The British Invasion
The Times - We must rebuild a military base in the US
As the Iraq operation winds down, an inquiry into the lessons of a botched campaign is essential, by Allan Mallinson (a military historian, novelist and former cavalry officer)
Why were our tactics - military and civil - so inadequate and so out of synch with the Americans at the outset of the insurgency? And why, when the US changed approach with the Petraeus troop “surge”, were we so hamstrung? During Operation Charge of the Knights, the US-Iraqi offensive against Basra militias last May, we were mere spectators. In Parliament, Des Browne, the Defence Secretary, dismissed that embarrassment, saying: “Iraqi security forces, supported by UK Forces and coalition partners… have been successful.” As Professor Joad of the Brains Trust would have said, it depends on what you mean by “supported”. …
The level at which we have really failed however, is “military-strategic”, where guidance is formulated for campaign planners.
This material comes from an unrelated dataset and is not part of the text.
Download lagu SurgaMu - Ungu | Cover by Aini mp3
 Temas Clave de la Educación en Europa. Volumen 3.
Strategy is not decided behind closed doors in the Oval Office. The Chairman of the Joint Chiefs of Staff is the President’s principal military adviser as well as the Defence Secretary’s, although responsibility for the execution of campaigns falls on combatant commanders. We have no heavyweight liaison at this level, yet it is here that we might have the greatest leverage because strategy is the application of the entire resources of the nation, not least the intellectual (and we do still have - as the Americans call it - impressive “operational heritage”). Few in America would argue that the “war against terror” can be conducted without allies; few could think there is any more capable ally than Britain.
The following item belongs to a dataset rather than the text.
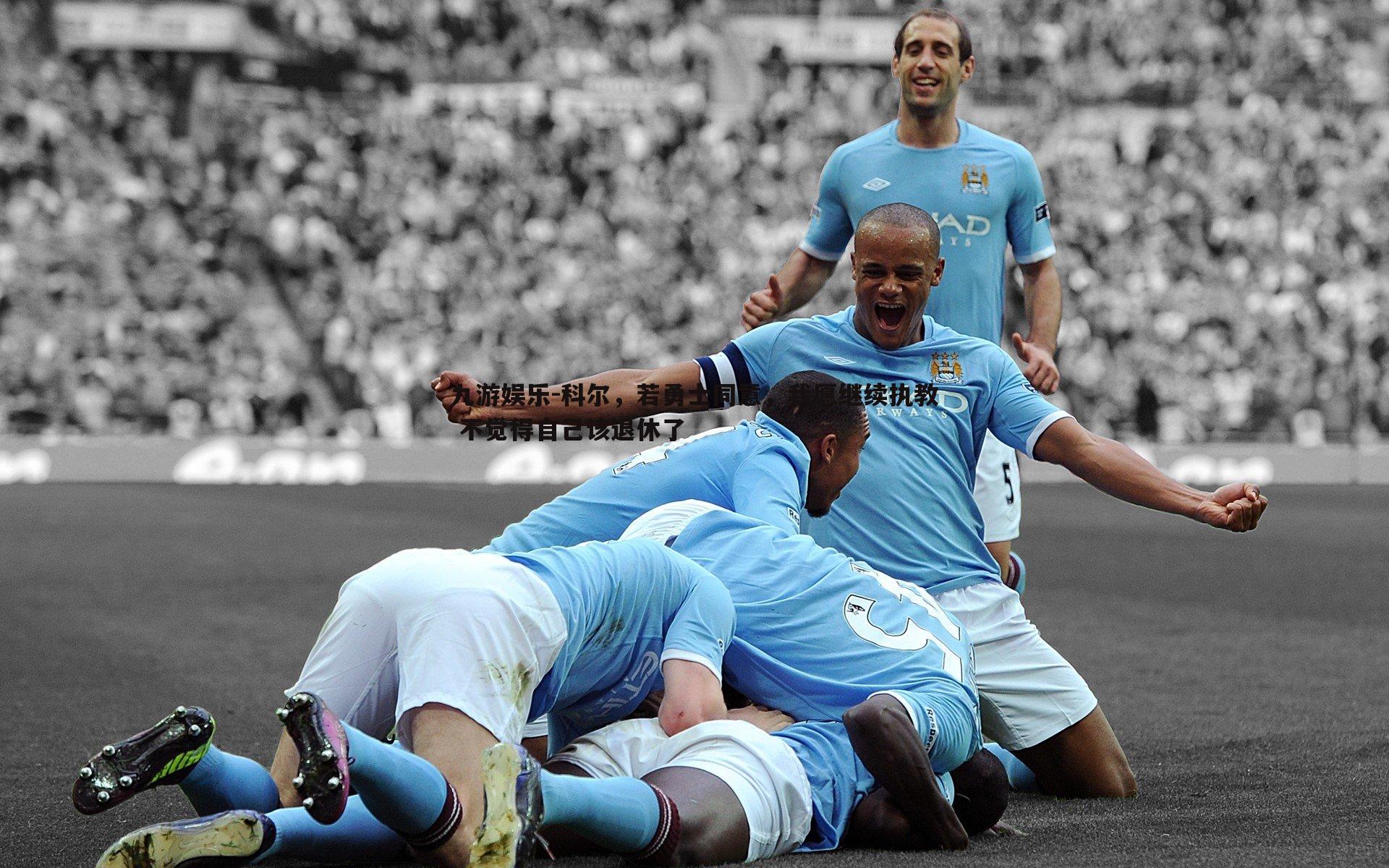 九游娱乐-科尔，若勇士同意，我愿继续执教 不觉得自己该退休了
There is a model for co-operation at this level. In Arlington National Cemetery is a statue (equestrian, as befits a field marshal) of Sir John Dill, the former Chief of the Imperial General Staff who, from 1941 until his death in November 1944 was the permanent British representative to the Combined (Anglo-US) Chiefs of Staff Committee that steered Roosevelt and Churchill’s military strategy. Roosevelt called Dill “the most important figure in the remarkable accord which has been developed in the combined operations of our two countries”.
With both John McCain and Barack Obama indicating a willingness for greater co-operation, the sooner we reconstitute that committee, with a representative of Dill’s stature, the sooner we regain some control of defence planning.
A Trojan Horse!
September 12th, 2008 at 7:46 am
Dill died in Washington, maybe because of Washington.